Back on March 2nd, the Congress federal borrowing limit was set, and this meant freezing current debt at the new record-high, $22 trillion. For many, there’s fresh concern since lawmakers don’t have clear plans to extend this limit.
For the next three months, the Treasury Department will keep these payments suspended. According to Mnuchin, no federal employee or retiree will be affected by this change, and the retirement funds in question will resume normal action when the debt limit is either suspended or extended.
Postal Service Financial Difficulties
In a system that’s entirely unique, the Postal Service is required to offer its retiree benefits in advance, and this has proven to be a huge expenditure and one reason why the financial position of the agency is questionable. While the 2006 Postal Accountability and Enhancement Act remains in place, this prefunding of benefits will continue.
In August 2018, it was suggested that the Postal Service had failed to make payments to the fund for around eight years. According to the US Government Accountability Office, the required payments haven’t been met since 2010. With this in mind, the Treasury Department has been forced to step in and take what they consider to be ‘extraordinary measures’ in order to stop defaults for the US.
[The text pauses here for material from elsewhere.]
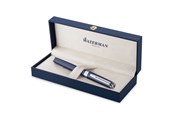 Skrive- & Tegneverktøy - Waterman Exception Fountain Pen Blue Lacquer with Palladium trim 18K Gold Fine Nib Blue Ink Gift Box - 2214314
As was explained by the department itself, there are four extraordinary measures available to them;
For the Postal Service Retiree Health Benefits Fund and Civil Service Retirement and Disability Fund, the first is to suspend new investments and redeem existing investments.
Secondly, all State and Local Government Series Treasury security sales can be stopped.
All reinvestment of the Exchange Stabilization Fund can be suspended.
Finally, the same step can be taken for the Government Securities Investment Fund.